Эти принципы, как мы видели, ложились и в основу сугубо драматических ролей Гурченко. Они позволили ей выработать свой, индивидуальный подход к решению профессиональных актерских задач. Подход мог бы стать школой - увы, актеров такой эмоциональной возбудимости и внутренней музыкальности, такой пластической выразительности и ритмической изощренности до странного мало.

Мечты о музыкальных ролях, о мюзикле с течением времени благополучно уходили в песок. И это тоже окрашивало актерскую судьбу, которую все вокруг считали совершенно состоявшейся, горечью. "Сколько можно доказывать? На пробе доказываешь, на репетиции, на концерте, в интервью, в жизни - все доказываешь, доказываешь, доказываешь. Ну нет же сил…"

Устав ждать счастливого случая, она решает, в который уже раз, что нужно брать собственную судьбу в свои руки. Время шло, а с ним уходили от нее навсегда так и не сыгранные роли в так и не поставленных киноопереттах и мюзиклах. Уходили Сильва и Ганна Главари, Дульсинея Тобосская и Долли… На горизонте было пусто. В музыкальных картинах, которые назревали на пороге 80-х, снимались актеры драмы, непрофессиональные исполнители, красивые статисты - кто угодно. Телевидение один за другим выстреливало водевили, где исполнители более всего озабочены были неразрешимой проблемой, куда деть руки. В пышных телевизионных шоу тяжеловесно страдали графы и княгини из Московского театра оперетты. Немногие звезды нашего музыкального кино находились в затянувшемся необъяснимом простое.

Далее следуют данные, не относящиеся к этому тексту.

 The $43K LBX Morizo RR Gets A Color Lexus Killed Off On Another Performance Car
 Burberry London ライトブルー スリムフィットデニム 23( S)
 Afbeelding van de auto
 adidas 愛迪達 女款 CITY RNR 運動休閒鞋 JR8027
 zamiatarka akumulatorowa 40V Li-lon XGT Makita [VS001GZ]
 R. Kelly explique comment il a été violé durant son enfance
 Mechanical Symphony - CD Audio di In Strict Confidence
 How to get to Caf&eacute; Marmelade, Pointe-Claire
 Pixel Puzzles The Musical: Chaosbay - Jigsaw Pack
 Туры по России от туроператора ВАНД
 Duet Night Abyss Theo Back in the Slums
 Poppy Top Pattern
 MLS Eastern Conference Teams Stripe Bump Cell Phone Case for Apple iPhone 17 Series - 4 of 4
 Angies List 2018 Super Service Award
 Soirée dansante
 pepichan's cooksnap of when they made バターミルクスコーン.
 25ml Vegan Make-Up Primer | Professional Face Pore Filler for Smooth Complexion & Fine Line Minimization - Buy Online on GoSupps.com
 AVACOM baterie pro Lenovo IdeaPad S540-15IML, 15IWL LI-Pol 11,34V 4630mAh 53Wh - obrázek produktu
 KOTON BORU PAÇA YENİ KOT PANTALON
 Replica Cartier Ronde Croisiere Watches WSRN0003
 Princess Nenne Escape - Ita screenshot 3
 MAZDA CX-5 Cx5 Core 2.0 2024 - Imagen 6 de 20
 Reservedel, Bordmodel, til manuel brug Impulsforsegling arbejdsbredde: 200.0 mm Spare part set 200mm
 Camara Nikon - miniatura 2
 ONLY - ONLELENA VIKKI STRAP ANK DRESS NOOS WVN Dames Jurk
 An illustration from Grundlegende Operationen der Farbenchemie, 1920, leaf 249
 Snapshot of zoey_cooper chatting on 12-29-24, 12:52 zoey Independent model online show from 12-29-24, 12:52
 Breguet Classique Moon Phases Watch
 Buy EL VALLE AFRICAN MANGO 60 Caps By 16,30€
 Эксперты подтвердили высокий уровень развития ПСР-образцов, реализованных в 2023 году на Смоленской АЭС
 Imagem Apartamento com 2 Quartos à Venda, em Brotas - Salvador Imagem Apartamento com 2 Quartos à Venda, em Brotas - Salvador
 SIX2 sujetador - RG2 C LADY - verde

Гурченко сама нашла драматургический материал - фантастическую пьесу Карела Чапека "Средство Макропулоса". Предложила сценаристу Александру Адабашьяну и режиссеру Евгению Гинзбургу идею серьезного, философского мюзикла. Увлеченно рассказывала об этой идее кинематографическому начальству, вложив в "пробивание" необычной затеи не меньше жара и таланта, чем в свои роли. И дело пошло. На "Мосфильме" запустили в производство широкоформатный стереофонический фильм с музыкой Григория Гараняна "Рецепт ее молодости".